The Dyke Project (TDP) was founded in response to rising gender-critical action in London. The group made headlines in October 2023 when they replaced tube adverts with messages from queer Palestinians taken from Queering the Map. Members of the group told me that they took action because ‘the same systems of racial capitalism and colonialism that harm queer people in the UK harm all Palestinians – including queer and trans Palestinians’. 

Highlighting queer Palestinian lives flies in the face of mainstream characterisations of the Middle East as irredeemably homophobic – which TDP members describe as ‘one of the ways that Zionists justify Israel’s ongoing genocide of Palestinians’. Their point is made when Israeli soldiers placing pride flags in the rubble of Gaza is promoted on Israel’s official Instagram page.

As members of Pinkwashing UK explained, such Israeli propaganda ‘promotes a progressive image of the apartheid state, weaponising queer bodies to provide cover for ethnic cleansing and genocide’. For Beth, this ‘pinkwashing’ means ‘entities publicly placing themselves in close proximity to queer culture, queer people or queer aesthetics in order to associate themselves with socially progressive values’

When Barclays Bank temporarily swap their logo out for a rainbow version, or Primark releases pride-themed clothing, their goal is not queer liberation but image-cleansing and distraction from social harms – from investments in weapons manufacturers to wage theft.

Identity politics?

Strides in marriage equality, anti-discrimination laws and legal recognition of gender diversity over recent decades have resulted in what Beth calls a ‘corporate capture of queer culture’. This capture demands that we celebrate arms manufacturer BAE for being ‘LGBT-inclusive’ – as if the end goal of inclusion is to be allowed complicity in international warfare. 

Meanwhile, critics of QFP argue that queer people should be grateful for ‘Western-won freedoms’ – and that being queer is incompatible with support for Palestinian liberation.
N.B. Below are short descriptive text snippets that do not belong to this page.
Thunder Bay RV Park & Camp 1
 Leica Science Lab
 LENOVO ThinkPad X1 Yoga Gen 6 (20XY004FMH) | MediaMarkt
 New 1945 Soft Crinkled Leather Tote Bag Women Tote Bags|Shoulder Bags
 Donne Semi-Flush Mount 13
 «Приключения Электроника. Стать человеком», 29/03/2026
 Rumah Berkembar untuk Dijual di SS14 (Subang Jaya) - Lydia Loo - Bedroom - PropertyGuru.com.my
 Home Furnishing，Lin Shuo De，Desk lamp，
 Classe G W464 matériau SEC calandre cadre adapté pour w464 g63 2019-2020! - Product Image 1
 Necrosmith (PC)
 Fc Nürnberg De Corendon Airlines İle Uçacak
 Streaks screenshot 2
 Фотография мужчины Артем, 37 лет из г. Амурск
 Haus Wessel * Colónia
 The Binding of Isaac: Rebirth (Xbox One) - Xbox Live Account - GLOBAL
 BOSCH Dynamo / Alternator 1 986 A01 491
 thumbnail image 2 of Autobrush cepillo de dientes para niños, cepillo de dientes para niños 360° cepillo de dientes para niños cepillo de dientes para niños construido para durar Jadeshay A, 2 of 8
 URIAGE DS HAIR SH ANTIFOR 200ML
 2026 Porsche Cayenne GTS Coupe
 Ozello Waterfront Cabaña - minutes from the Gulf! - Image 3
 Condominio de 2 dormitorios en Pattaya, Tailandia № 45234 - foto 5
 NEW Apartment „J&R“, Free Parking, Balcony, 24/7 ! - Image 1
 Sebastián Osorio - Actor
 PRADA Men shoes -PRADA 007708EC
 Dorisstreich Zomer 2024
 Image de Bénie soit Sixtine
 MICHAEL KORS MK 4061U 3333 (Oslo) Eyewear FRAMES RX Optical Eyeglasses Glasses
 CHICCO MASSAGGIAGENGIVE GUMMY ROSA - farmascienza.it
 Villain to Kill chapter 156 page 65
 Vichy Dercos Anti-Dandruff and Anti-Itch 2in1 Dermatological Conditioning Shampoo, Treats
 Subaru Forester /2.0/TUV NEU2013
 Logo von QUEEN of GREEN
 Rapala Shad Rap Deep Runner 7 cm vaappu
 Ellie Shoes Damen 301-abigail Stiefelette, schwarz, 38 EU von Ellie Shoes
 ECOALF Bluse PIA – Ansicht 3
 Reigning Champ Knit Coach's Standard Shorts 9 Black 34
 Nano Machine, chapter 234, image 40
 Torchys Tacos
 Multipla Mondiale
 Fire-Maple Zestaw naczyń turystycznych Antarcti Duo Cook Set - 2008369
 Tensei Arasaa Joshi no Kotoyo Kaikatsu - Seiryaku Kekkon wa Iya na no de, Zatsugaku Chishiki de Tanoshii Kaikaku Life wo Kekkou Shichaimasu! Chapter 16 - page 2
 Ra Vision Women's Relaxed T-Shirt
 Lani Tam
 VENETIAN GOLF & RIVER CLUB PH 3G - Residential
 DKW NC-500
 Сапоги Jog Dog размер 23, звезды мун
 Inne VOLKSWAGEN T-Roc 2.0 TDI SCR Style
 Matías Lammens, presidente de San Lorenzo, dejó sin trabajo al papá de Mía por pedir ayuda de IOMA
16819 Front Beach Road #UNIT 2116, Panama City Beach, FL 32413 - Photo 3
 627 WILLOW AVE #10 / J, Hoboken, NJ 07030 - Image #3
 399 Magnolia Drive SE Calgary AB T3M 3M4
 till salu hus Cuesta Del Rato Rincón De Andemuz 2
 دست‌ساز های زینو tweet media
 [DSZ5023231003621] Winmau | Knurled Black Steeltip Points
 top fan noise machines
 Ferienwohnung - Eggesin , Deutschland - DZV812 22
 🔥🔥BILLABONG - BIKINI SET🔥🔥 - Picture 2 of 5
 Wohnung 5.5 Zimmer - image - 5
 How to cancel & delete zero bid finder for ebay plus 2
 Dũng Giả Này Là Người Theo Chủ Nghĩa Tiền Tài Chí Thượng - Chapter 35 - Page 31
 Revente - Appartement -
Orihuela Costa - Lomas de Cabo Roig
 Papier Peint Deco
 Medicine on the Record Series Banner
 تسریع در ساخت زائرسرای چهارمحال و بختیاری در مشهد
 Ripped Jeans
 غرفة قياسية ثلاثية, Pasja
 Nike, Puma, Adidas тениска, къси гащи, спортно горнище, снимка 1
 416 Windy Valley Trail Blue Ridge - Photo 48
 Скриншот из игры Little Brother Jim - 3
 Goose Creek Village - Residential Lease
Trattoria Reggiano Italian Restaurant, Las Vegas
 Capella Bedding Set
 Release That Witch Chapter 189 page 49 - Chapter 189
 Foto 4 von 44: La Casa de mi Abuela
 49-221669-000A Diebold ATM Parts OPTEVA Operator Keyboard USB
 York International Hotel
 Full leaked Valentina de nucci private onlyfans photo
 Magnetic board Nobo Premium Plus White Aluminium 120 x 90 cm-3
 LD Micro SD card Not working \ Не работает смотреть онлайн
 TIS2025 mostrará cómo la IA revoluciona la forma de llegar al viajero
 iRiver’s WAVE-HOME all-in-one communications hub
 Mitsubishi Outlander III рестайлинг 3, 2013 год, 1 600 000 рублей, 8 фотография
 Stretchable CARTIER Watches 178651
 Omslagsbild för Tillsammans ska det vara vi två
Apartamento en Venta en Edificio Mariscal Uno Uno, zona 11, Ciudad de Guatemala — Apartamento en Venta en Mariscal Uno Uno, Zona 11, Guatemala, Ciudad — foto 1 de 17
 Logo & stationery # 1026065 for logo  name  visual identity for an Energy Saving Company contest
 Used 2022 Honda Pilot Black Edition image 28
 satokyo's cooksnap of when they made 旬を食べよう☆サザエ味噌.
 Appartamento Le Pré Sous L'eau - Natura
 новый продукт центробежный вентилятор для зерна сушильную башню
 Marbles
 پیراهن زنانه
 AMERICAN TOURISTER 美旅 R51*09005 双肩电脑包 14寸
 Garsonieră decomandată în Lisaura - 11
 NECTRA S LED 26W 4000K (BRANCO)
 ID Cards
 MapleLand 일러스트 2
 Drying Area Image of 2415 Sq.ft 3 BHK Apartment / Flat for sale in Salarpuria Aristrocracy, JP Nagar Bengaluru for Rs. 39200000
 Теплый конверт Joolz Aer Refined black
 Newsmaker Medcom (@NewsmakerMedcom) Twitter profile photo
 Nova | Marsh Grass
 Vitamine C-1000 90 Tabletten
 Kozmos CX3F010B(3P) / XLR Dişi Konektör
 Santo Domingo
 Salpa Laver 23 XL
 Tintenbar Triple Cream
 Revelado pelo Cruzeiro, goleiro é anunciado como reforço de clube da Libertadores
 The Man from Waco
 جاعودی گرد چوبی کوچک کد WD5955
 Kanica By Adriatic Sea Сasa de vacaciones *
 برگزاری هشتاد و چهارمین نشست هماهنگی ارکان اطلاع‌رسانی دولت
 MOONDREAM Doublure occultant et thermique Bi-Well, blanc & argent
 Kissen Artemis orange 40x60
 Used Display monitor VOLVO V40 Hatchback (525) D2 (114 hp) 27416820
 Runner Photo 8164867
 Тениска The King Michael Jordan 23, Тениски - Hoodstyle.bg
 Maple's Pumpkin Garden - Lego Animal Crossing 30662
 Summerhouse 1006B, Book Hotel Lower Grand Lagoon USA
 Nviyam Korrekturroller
As Chiamaka Muoneke recently reminded us, however, homophobic laws across the world are legacies of British colonial imposition. In Israel, a ’proudly homophobic’ politician props up a far-right government.

When Barclays Bank post a rainbow logo, their goal is not queer liberation but image-cleansing and distraction from their investments in weapons manufacturers

As a queer person, it’s jarring to have my identity weaponised in this way, particularly when my inclusion has always felt conditional at best. As Schuyler Mitchell notes, backlash from pro-Israel actors hinges on a homophobic and transphobic rejection of unsanitised, anti-normative queer identity. If we are allowed only to be palatably queer within the boundaries of social norms – without questioning who is excluded and harmed by those norms – then ‘something is deeply broken in queer politics’, as Beth put it, adding that ‘it’s our collective responsibility to recenter solidarity’.

Members of TDP told me that ‘Many of us in the queer community acknowledge that Pride emerged out of queer people’s resistance to policing – but we’re not always willing to confront the same conditions of surveillance, violence and control in the present’. Pinkwashing UK told me that ‘protest is our collective queer history, but it should also be our collective present’ – and yet, feels like queer radicalism is acceptable only in past tense.

Today, when queer people are a vocal and oppositional force within their own institutions – like protesting Prides or fossil-fuel sponsored awards shows – they are at best dismissed. Worse, they are accused of choosing the wrong target, met with justifications for taking dirty money, or face violent repression.

A strong queer liberation movement defined by collaboration and solidarity is coming together against the odds. By building a broad coalition of queer activists united across the intersecting movements – for environmentalism, internationalism, anti-imperialism and anti-Zionism – we can redefine what it means to be proud of our identities, and demand better from our community and beyond.